El fuego es vida, pero también puede ser muerte cuando encuentra víctimas fáciles. ¿Podríamos señalarlo ante la justicia cualquier justicia, la de Dios, la terrena como autor material del crimen? ¿Se puede llevar al fuego ante un tribunal? ¿O tal vez hacerlo responsable político de esos crímenes?

El Código Penal trata en un capítulo de los «incendios y otros estragos». Y castiga con pena de prisión «al que causare incendios». La más grave, de ocho a veinte años, «si el hecho fuere causa inmediata de la muerte de alguna persona».
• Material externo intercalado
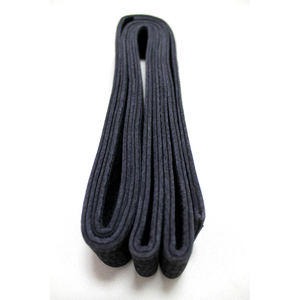 Cinturón de Judo Estilo IJF, Cinturón de Grappling de Algodón Grueso para Entrenamiento y Competición, Cinturones de Rango de Judo Resistentes de Doble Envoltura - Product Image 3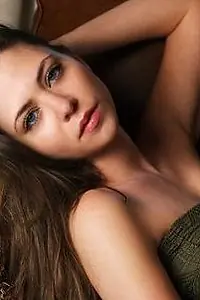 Актриса Jeannie Franciscy — главное фото персоны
El hecho consistiría en tener como vivienda unos improvisados albergues miserables que se incendian con una chispa movida por el viento, menos seguros que las cavernas en las que vivieron Adán y Eva cuando Dios los echó del paraíso. Eran insalubres esas cavernas, pero no se incendiaban.

Entonces: ¿hay alguna responsabilidad penal del poder político por esos incendios? Es improbable que la Justicia neuquina diga que sí. Si dijera algo podría culpar a quienes habitan esas «viviendas». Y aun condenarlos, de no haber sido que, para escapar de la acción de la Justicia, murieron en el estrago.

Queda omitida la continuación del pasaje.